Raw data -
---------------
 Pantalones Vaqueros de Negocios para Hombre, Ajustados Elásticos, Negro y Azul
---------------
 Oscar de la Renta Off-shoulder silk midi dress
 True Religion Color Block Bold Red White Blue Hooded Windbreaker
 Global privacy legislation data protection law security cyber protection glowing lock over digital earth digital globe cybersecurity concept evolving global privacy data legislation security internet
---------------
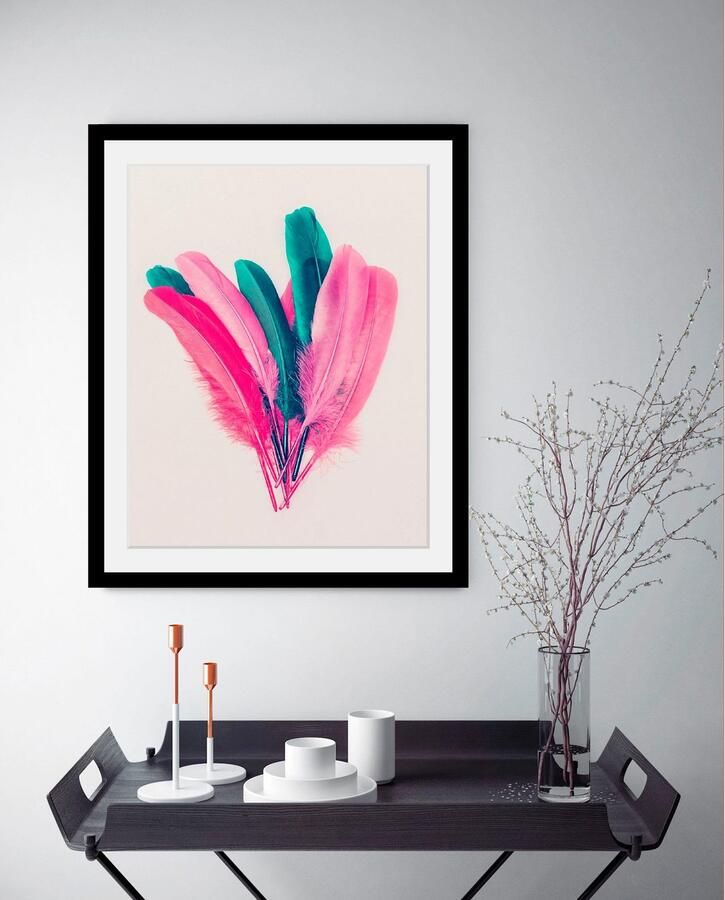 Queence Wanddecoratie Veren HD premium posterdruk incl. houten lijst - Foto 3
---------------
Aim of the exercise - Your answer must consist solely of the lines above between the line holding "Oscar de la" and the line holding "Global privacy legislation", inclusive, copied exactly.

Task solution -
 Oscar de la Renta Off-shoulder silk midi dress
 True Religion Color Block Bold Red White Blue Hooded Windbreaker
 Global privacy legislation data protection law security cyber protection glowing lock over digital earth digital globe cybersecurity concept evolving global privacy data legislation security internet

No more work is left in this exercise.